> [Aim of the exercise]
In the records below, find the line containing "一边是伊朗一边是加沙，以色列这次真的紧张了-第2张图片", then copy that line and all lines after it, exactly, omitting every picture.

> [Input material]
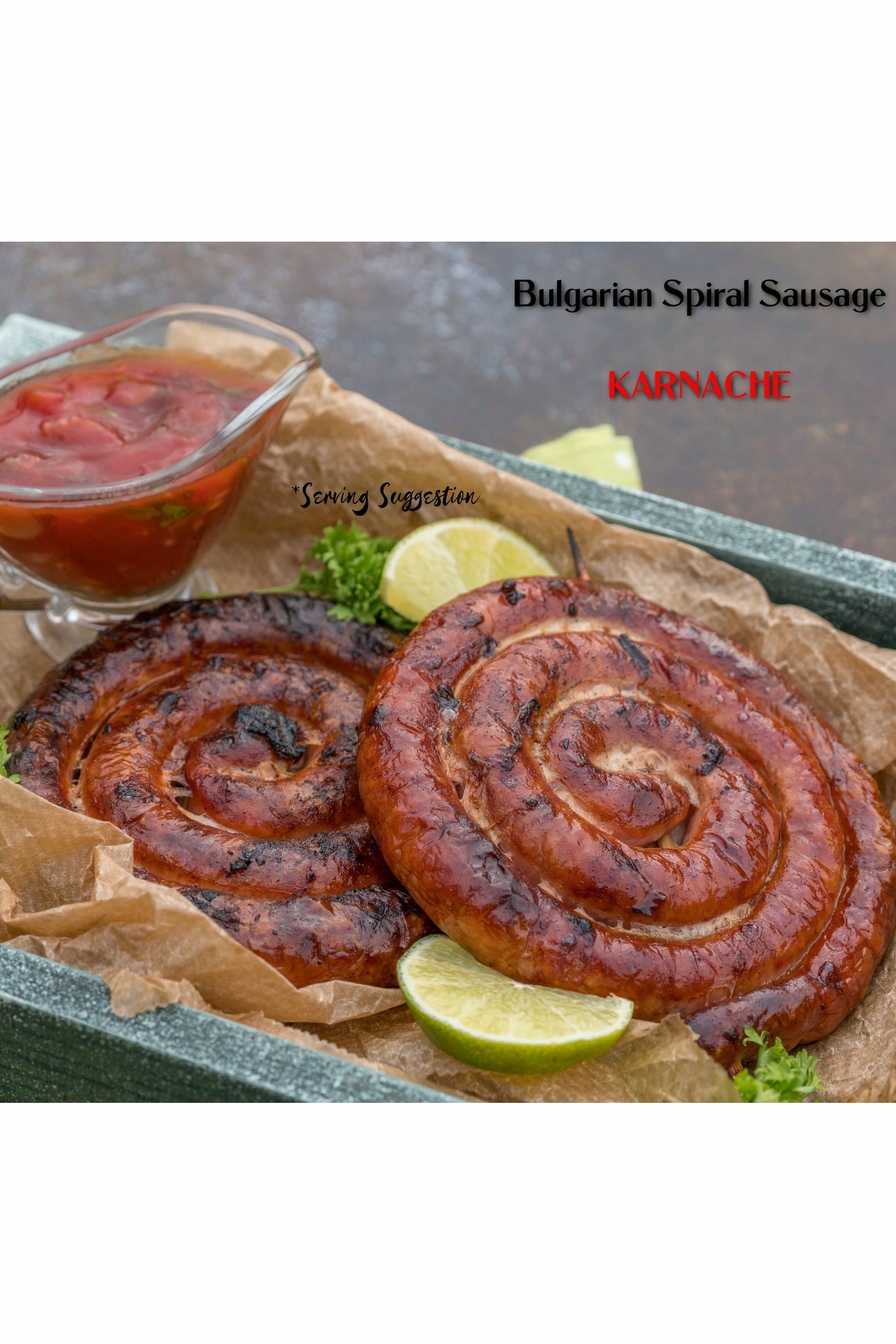 Bulgarian Spiral Sausage - KARNACHE /FROZEN/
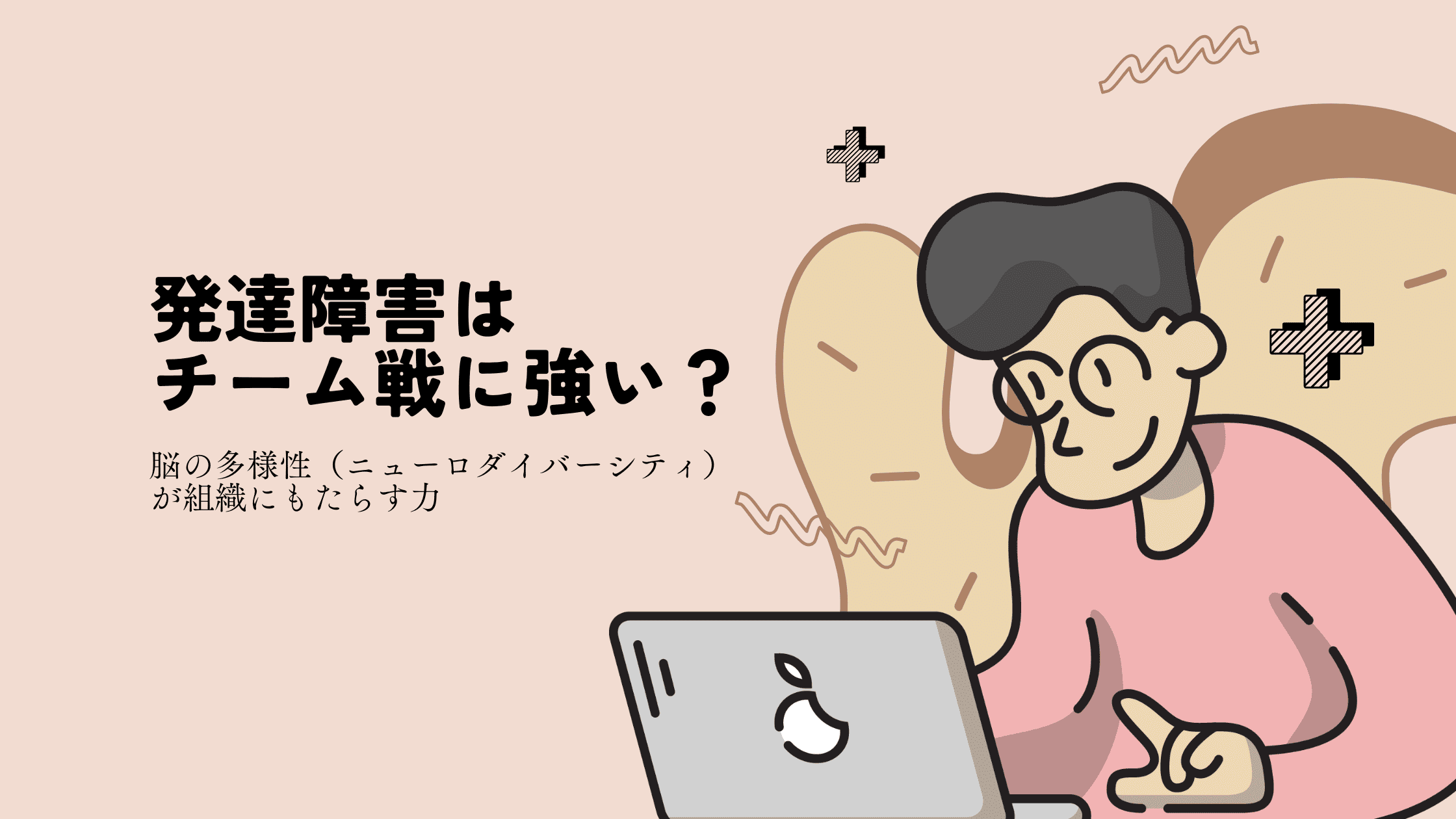 発達障害はチーム戦に強い？脳の多様性（ニューロダイバーシティ）が組織にもたらす力
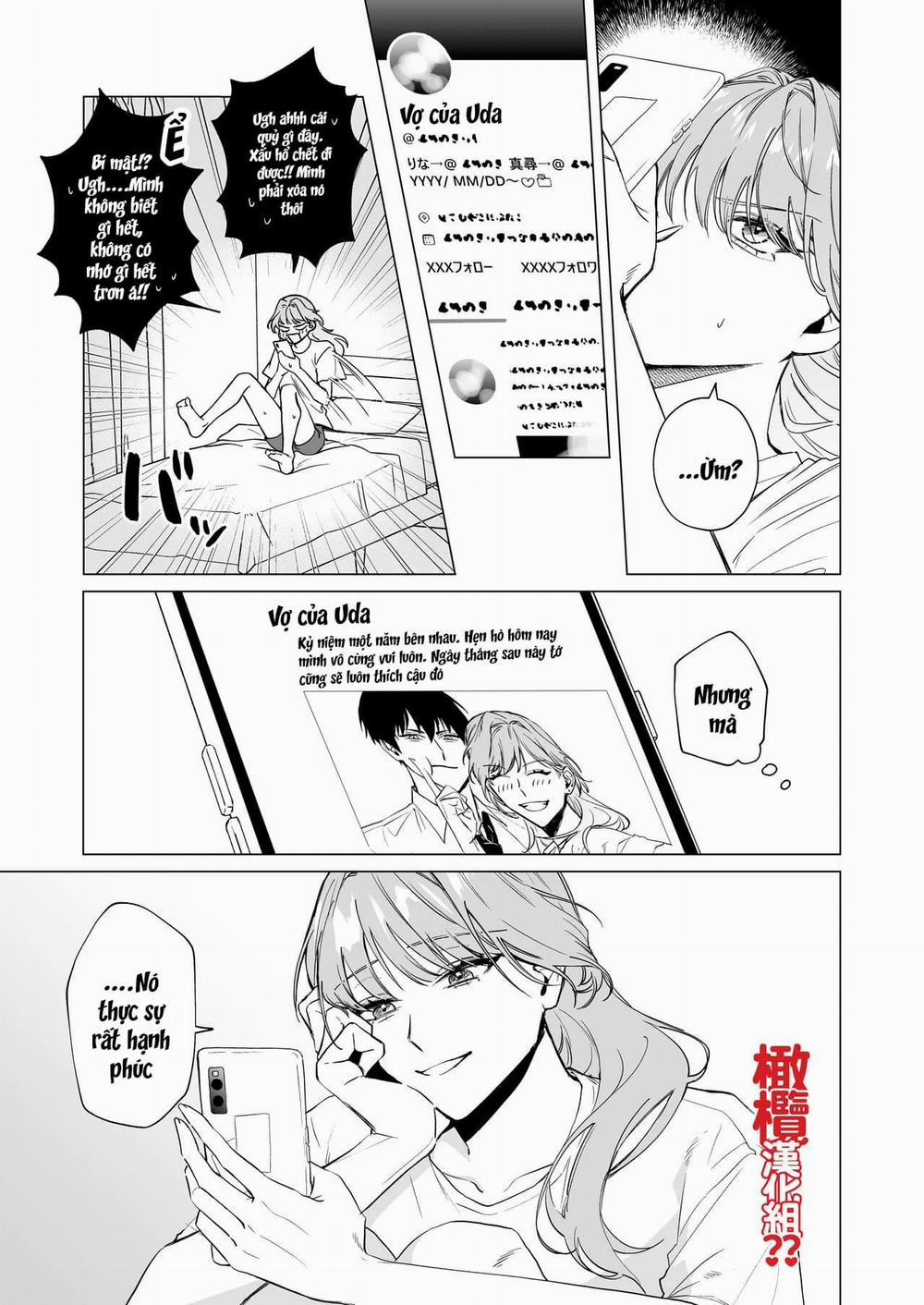 Tại Sao Mình Lại Bị Bạn Trai Cũ Mahiro Uda Trẻ Con Đè Nhỉ 2 trang 5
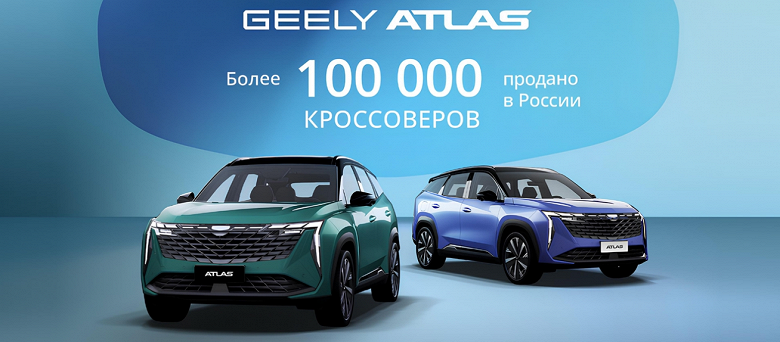 Бестселлер: в России продано более 100 000 Geely Atlas
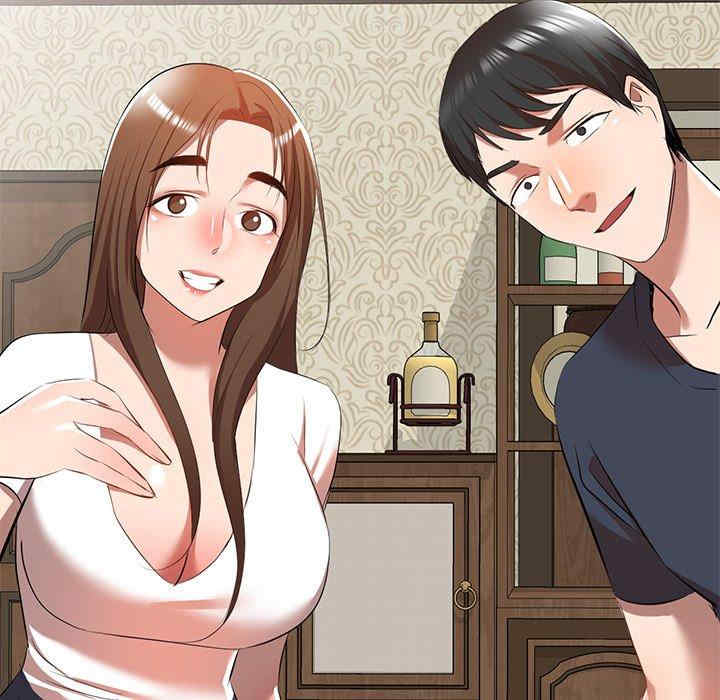 小夫妻的返乡生活/我的美女媳妇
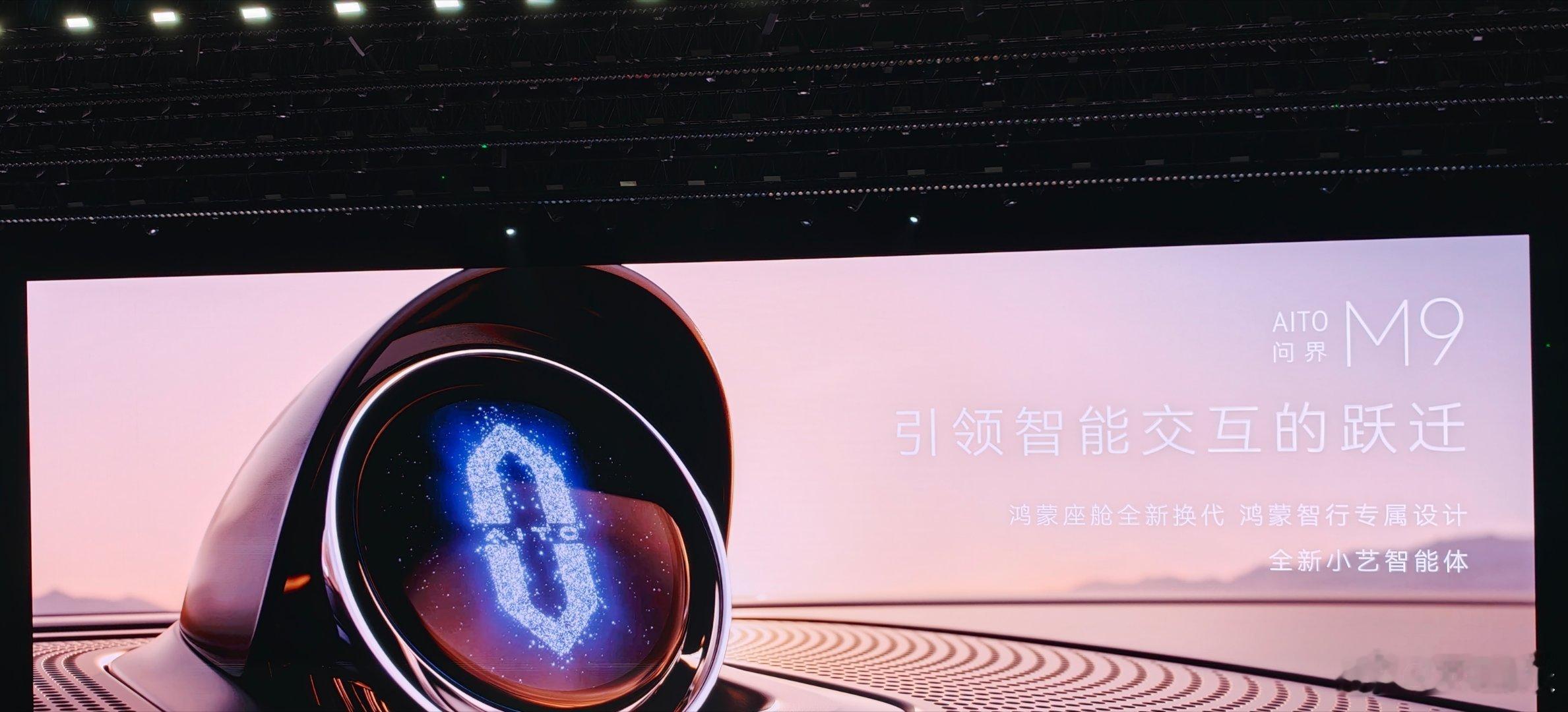 全新一代问界M9系列开启预售 全新一代问界M9系列开启预售，预售价格49.98万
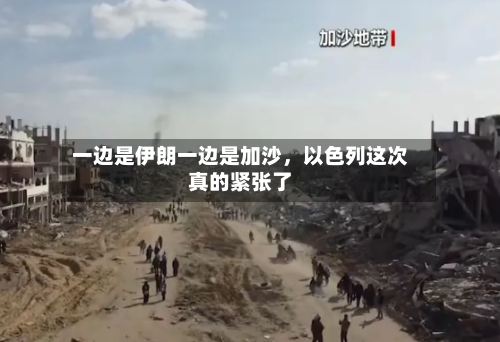 一边是伊朗一边是加沙，以色列这次真的紧张了-第2张图片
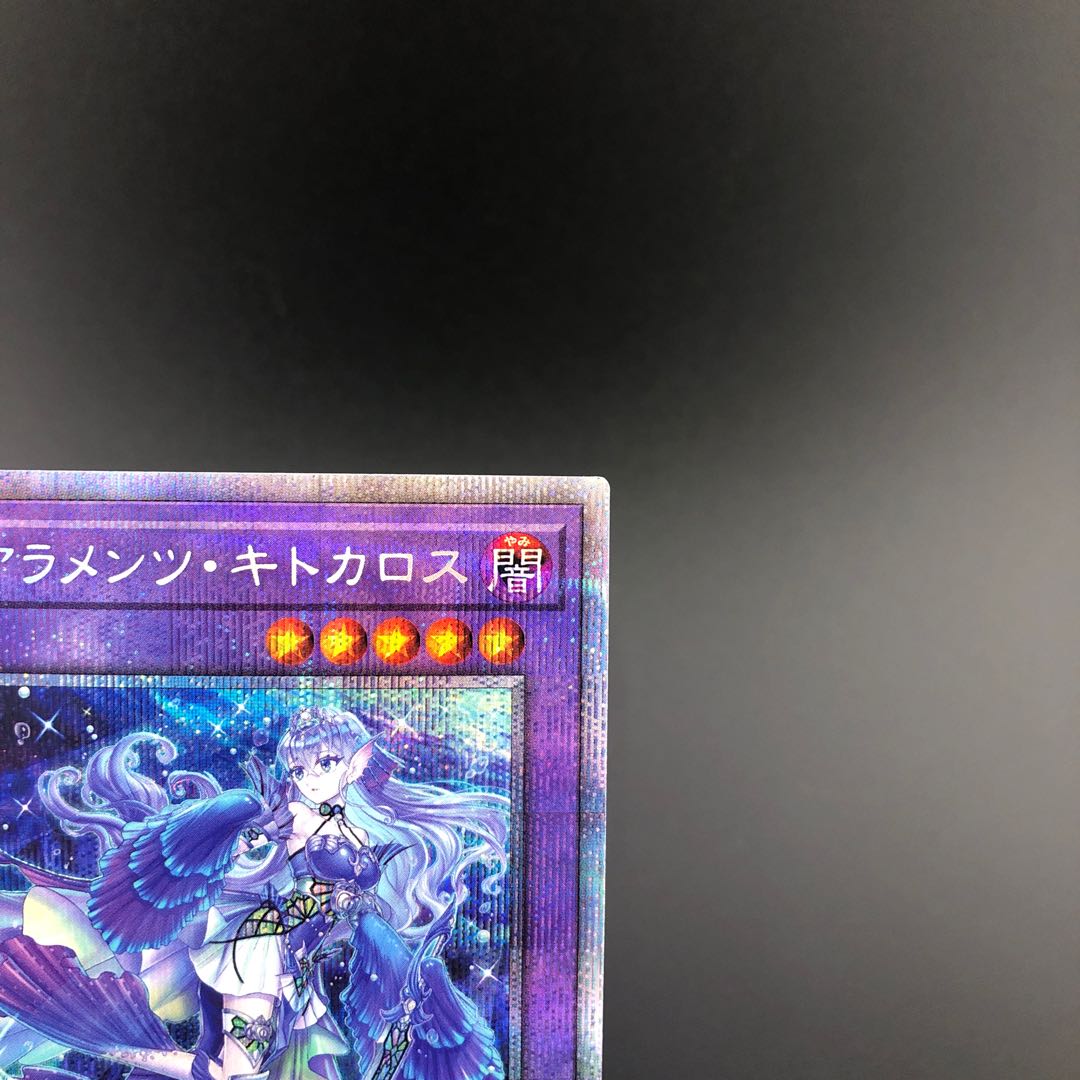Tiaraments Kitokaros Prismatic Secret Rare JP042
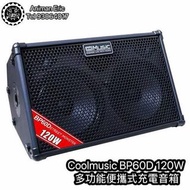 Coolmusic BP60D 120W  多功能便攜式充電音箱
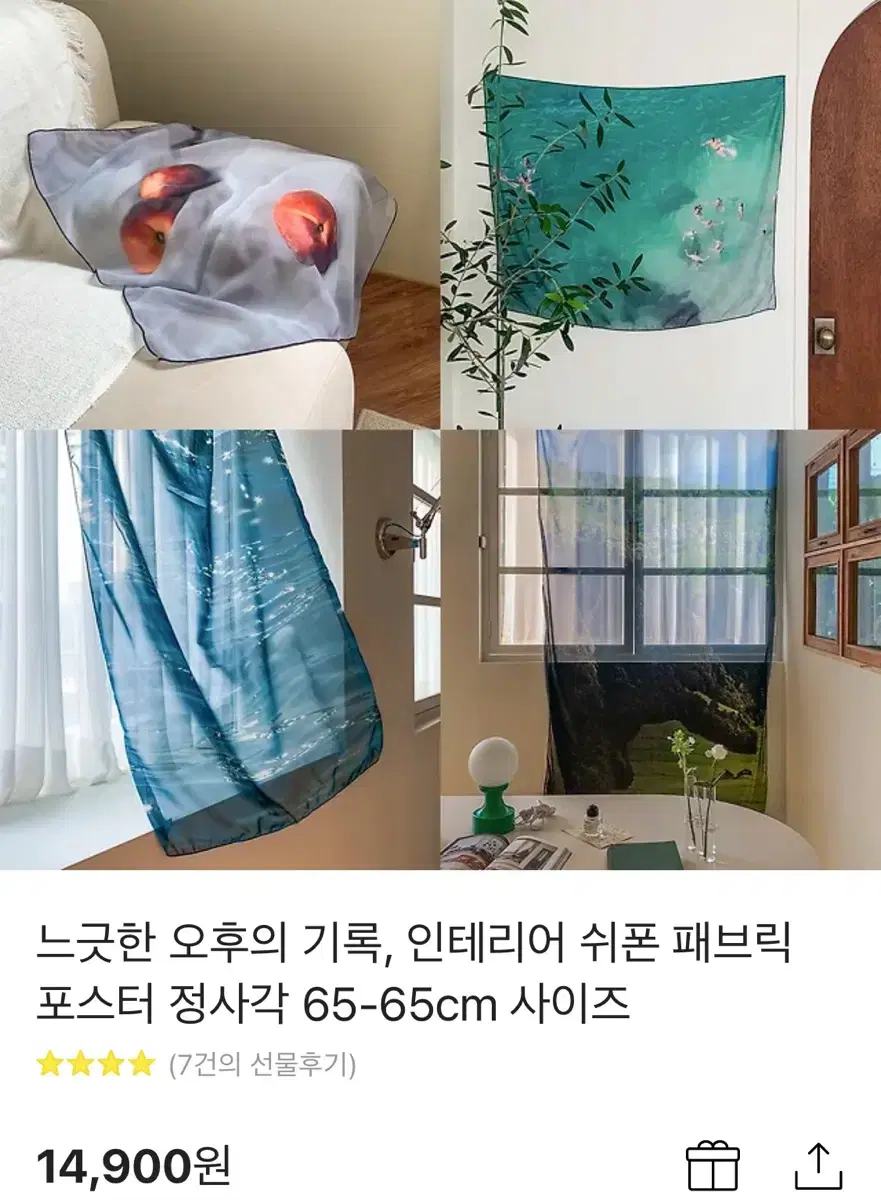 [오늘만 무료배송] 쉬폰 패브릭 포스터 정사각 65-65cm 사이즈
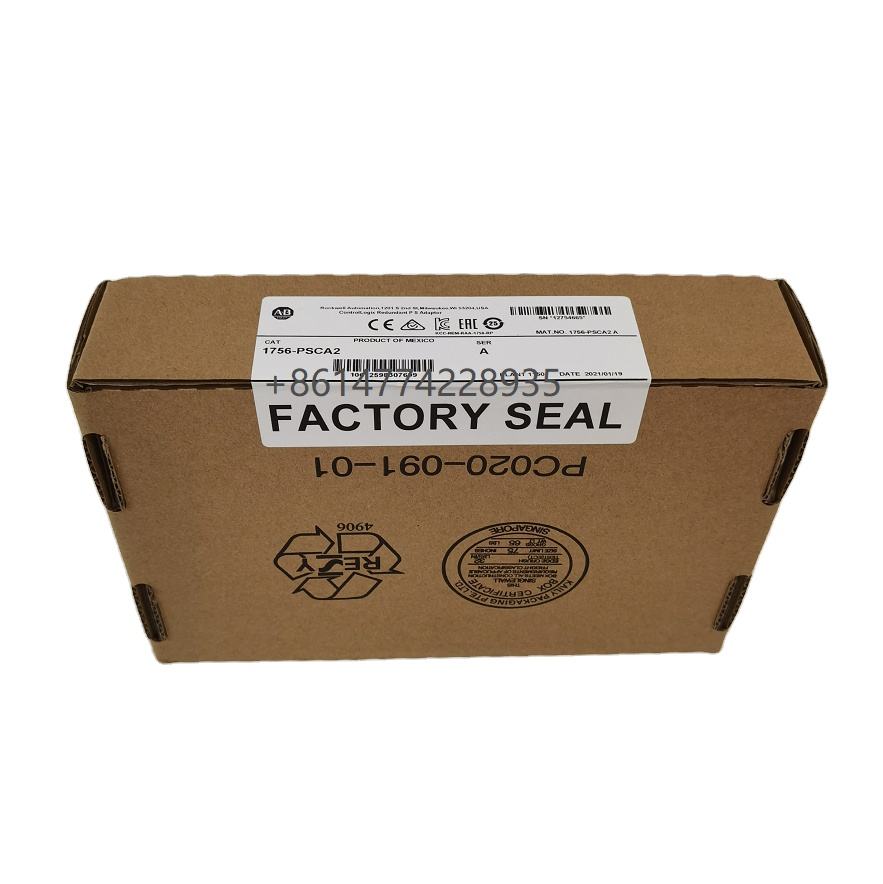 Adapter ControlLogix 1756-PSCA2 PLC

> [Task solution]
 一边是伊朗一边是加沙，以色列这次真的紧张了-第2张图片
Tiaraments Kitokaros Prismatic Secret Rare JP042
 Coolmusic BP60D 120W  多功能便攜式充電音箱
 [오늘만 무료배송] 쉬폰 패브릭 포스터 정사각 65-65cm 사이즈
 Adapter ControlLogix 1756-PSCA2 PLC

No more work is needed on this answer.